> _Task requirements_
When you set down the entries, keep every word exactly as it is but drop the pictures.
======
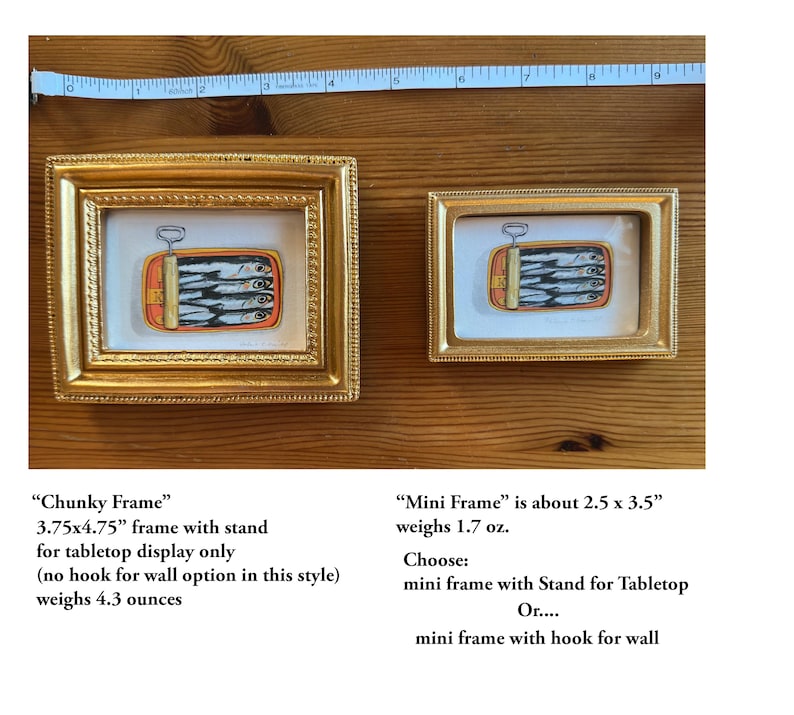 May include: Two gold-framed art pieces featuring a sardine can illustration. The larger frame is 3.75x4.75 inches, and the smaller is about 2.5 x 3.5 inches. The text on the image says "Chunky Frame" and "Mini Frame".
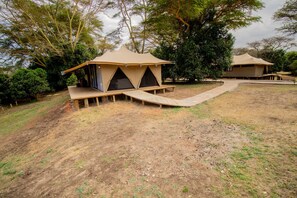A campsite with two tents, each with a wooden platform and a ramp leading to the entrance.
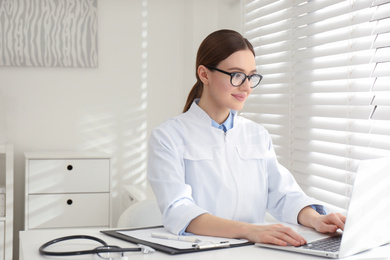 Photo of Young female doctor working with laptop at table in office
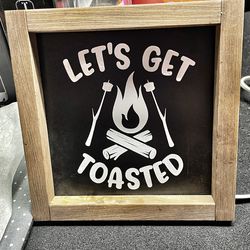 let’s get toasted sign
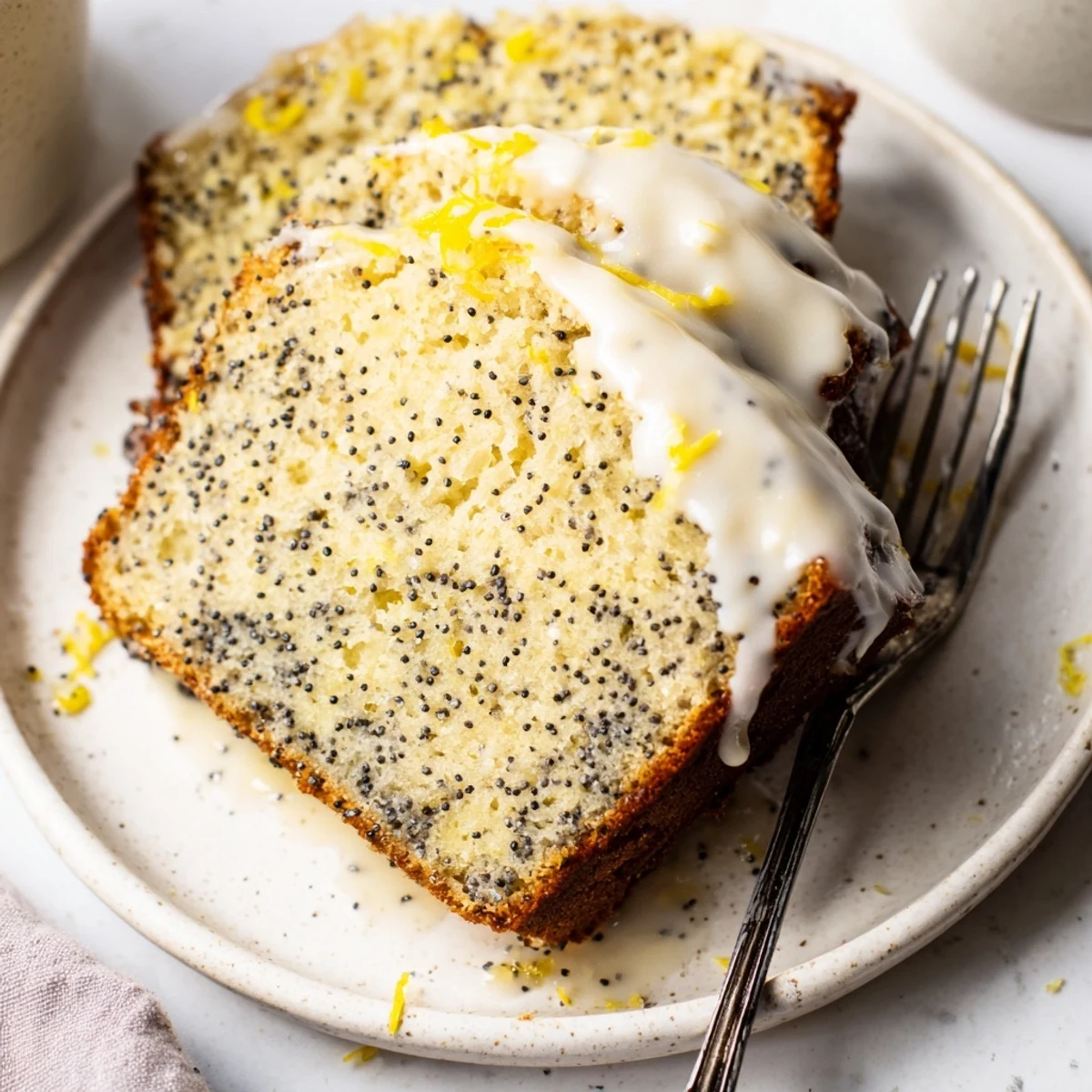 Sunlight highlights the sugary glaze drizzled over a fresh-baked Lemon Poppy Seed Loaf Cake on a marble counter.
======
> _Exercise response_
 May include: Two gold-framed art pieces featuring a sardine can illustration. The larger frame is 3.75x4.75 inches, and the smaller is about 2.5 x 3.5 inches. The text on the image says "Chunky Frame" and "Mini Frame".
A campsite with two tents, each with a wooden platform and a ramp leading to the entrance.
 Photo of Young female doctor working with laptop at table in office
 let’s get toasted sign
 Sunlight highlights the sugary glaze drizzled over a fresh-baked Lemon Poppy Seed Loaf Cake on a marble counter.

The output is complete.